Segment Open
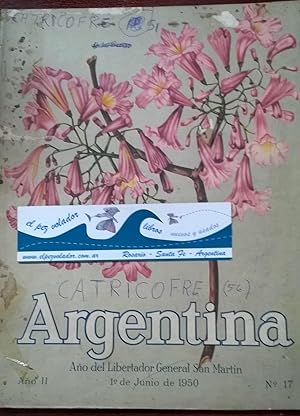 Revista ARGENTINA nº 17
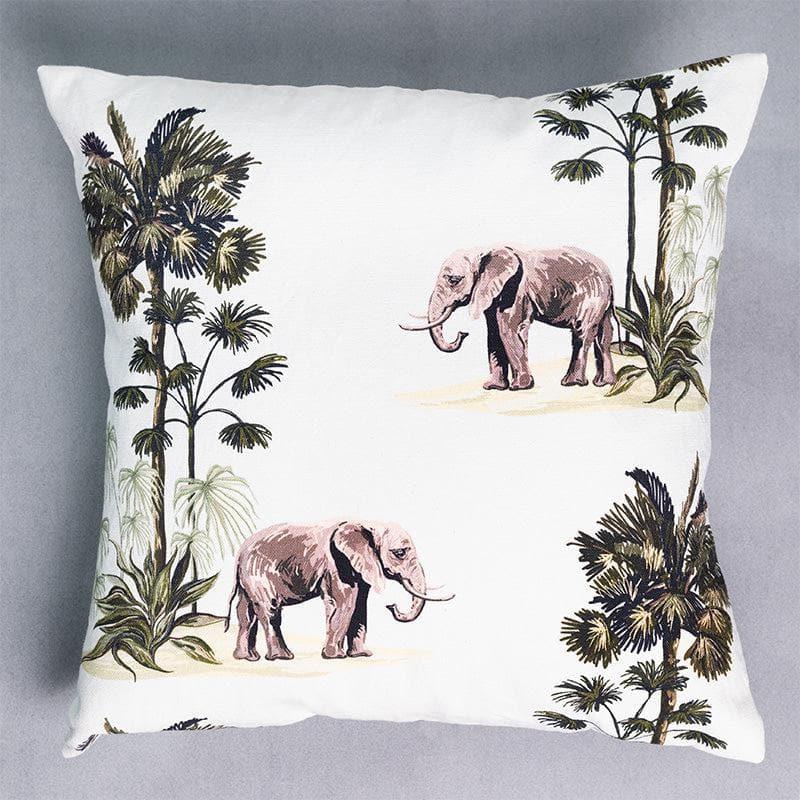 Buy Majestic Aurora Cushion Cover - Set Of Two Cushion Cover Sets from Vaaree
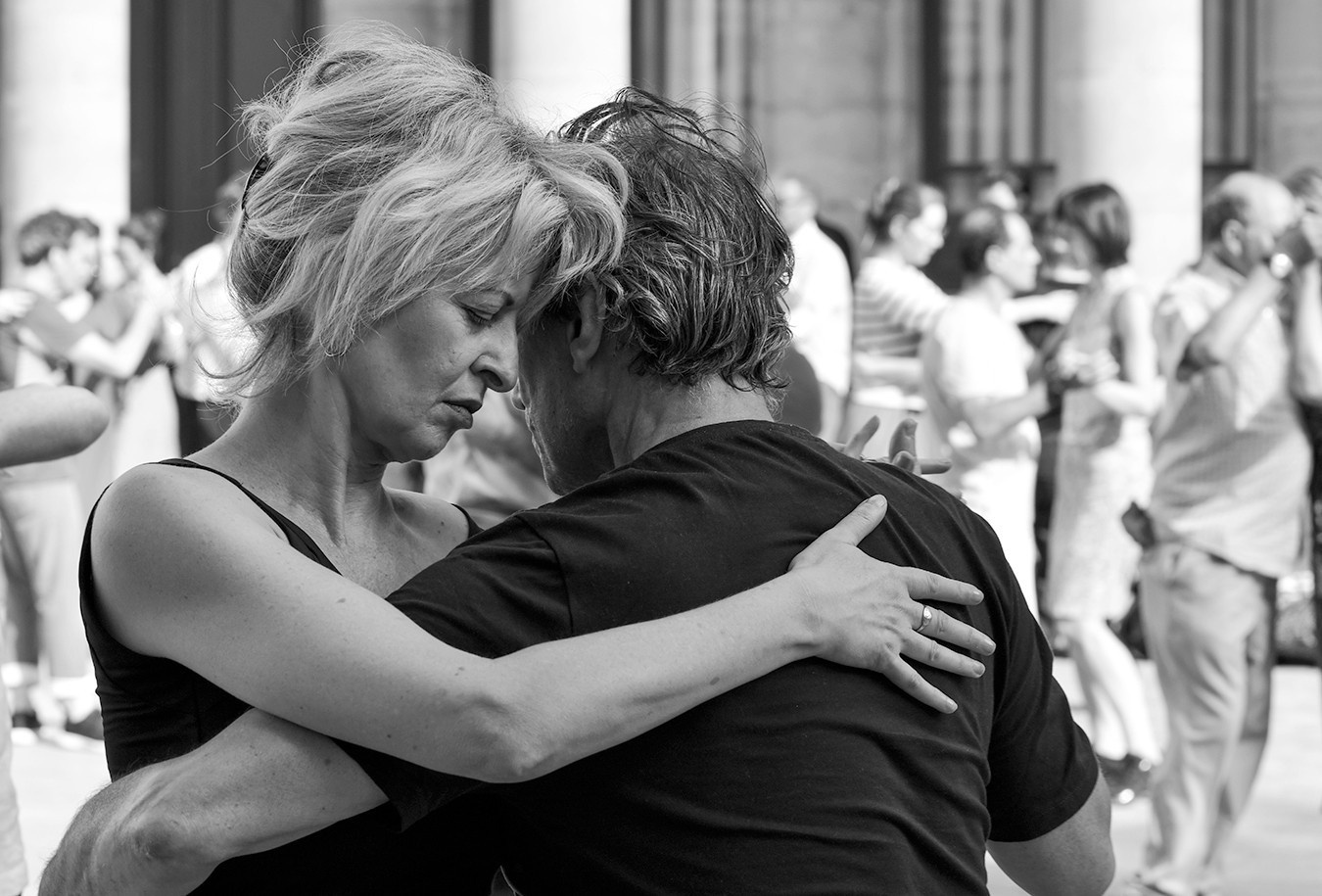 Paris1 : La Poétique de la Photographie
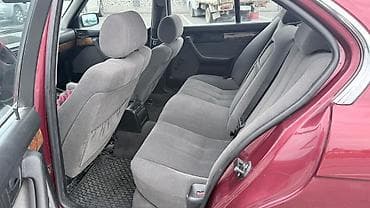 bmw 540 e34: BMW 525: 1994 г., 2.8 л, Механика, Бензин, Седан — 8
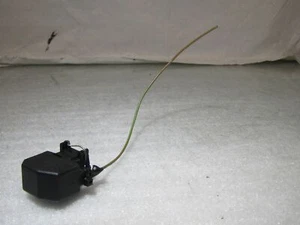 BMW 7 series E38 facelift M62TUB44 4.4 engine oil filter housing connector plug - Picture 1 of 5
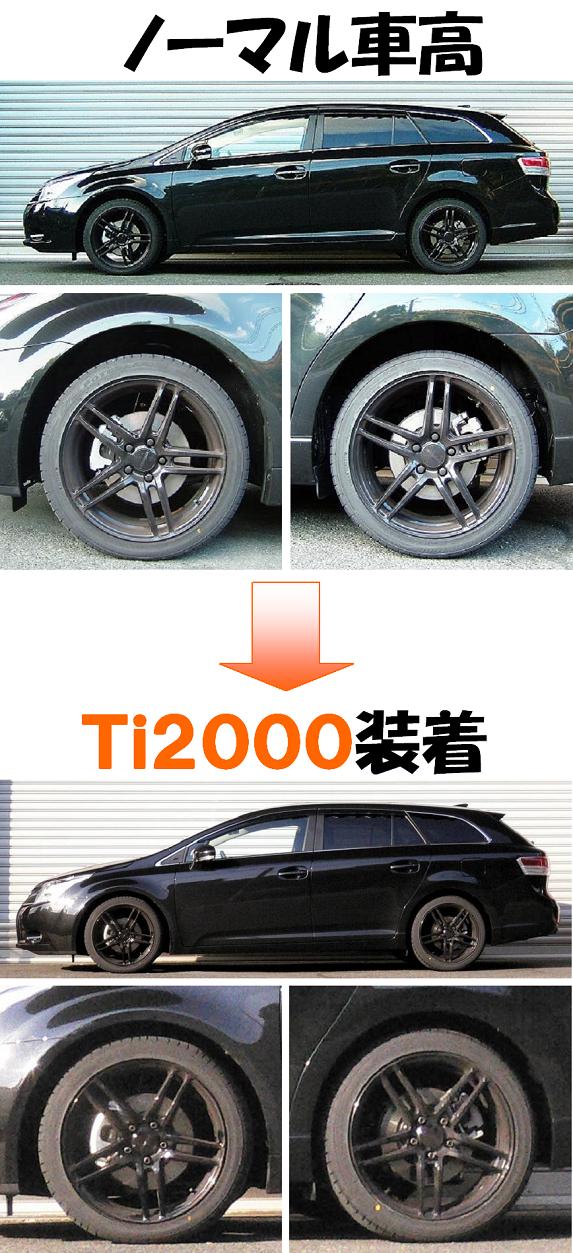 RS-R_Ti2000 DOWN]ZRT272W アベンシスワゴン_Li/Xi(2WD_2000 NA_H23/9
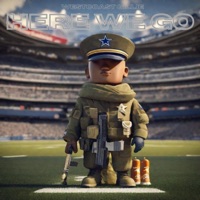 Here We Go - Single - WestCoast Gillie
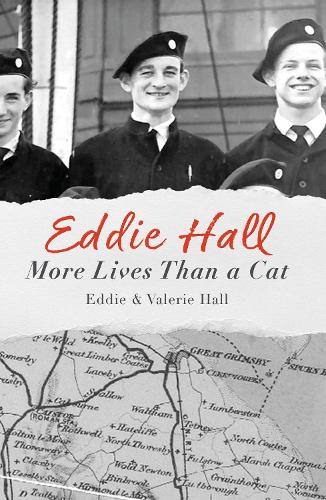 Eddie Hall: More Lives Than A Cat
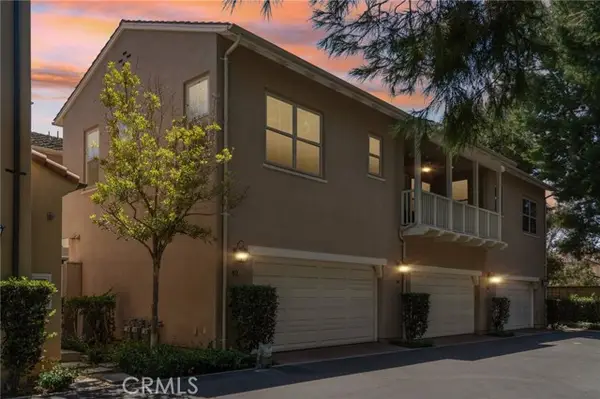 54 Peony, Irvine, CA 92618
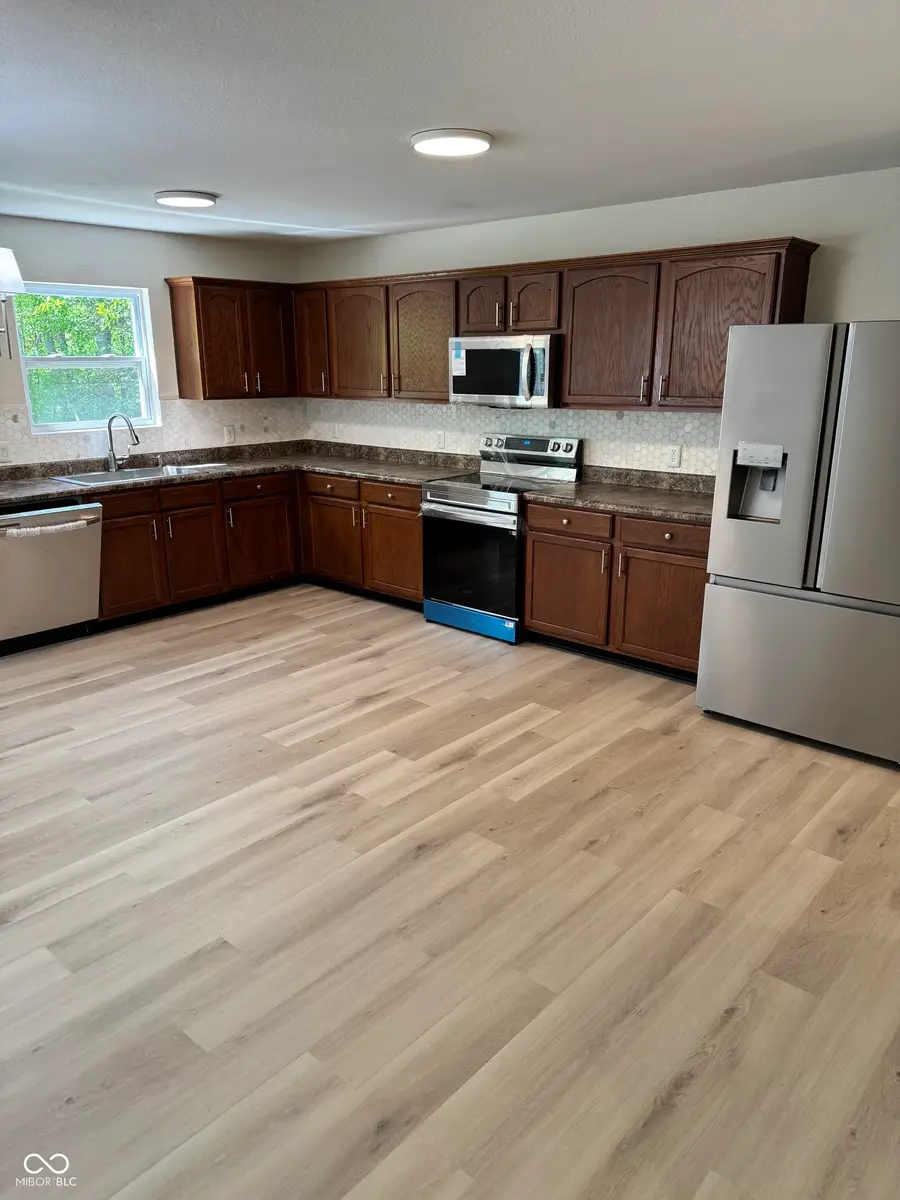 8402 Ligonier Drive, Camby, IN 46113 - #2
Segment Closed
■ **Activity**:
Lines before the one containing "BMW 7 series" are not wanted; write out that line and every later line through the end of the data above, exactly, without pictures.

■ **The answer**:
 BMW 7 series E38 facelift M62TUB44 4.4 engine oil filter housing connector plug - Picture 1 of 5
 RS-R_Ti2000 DOWN]ZRT272W アベンシスワゴン_Li/Xi(2WD_2000 NA_H23/9
 Here We Go - Single - WestCoast Gillie
 Eddie Hall: More Lives Than A Cat
 54 Peony, Irvine, CA 92618
 8402 Ligonier Drive, Camby, IN 46113 - #2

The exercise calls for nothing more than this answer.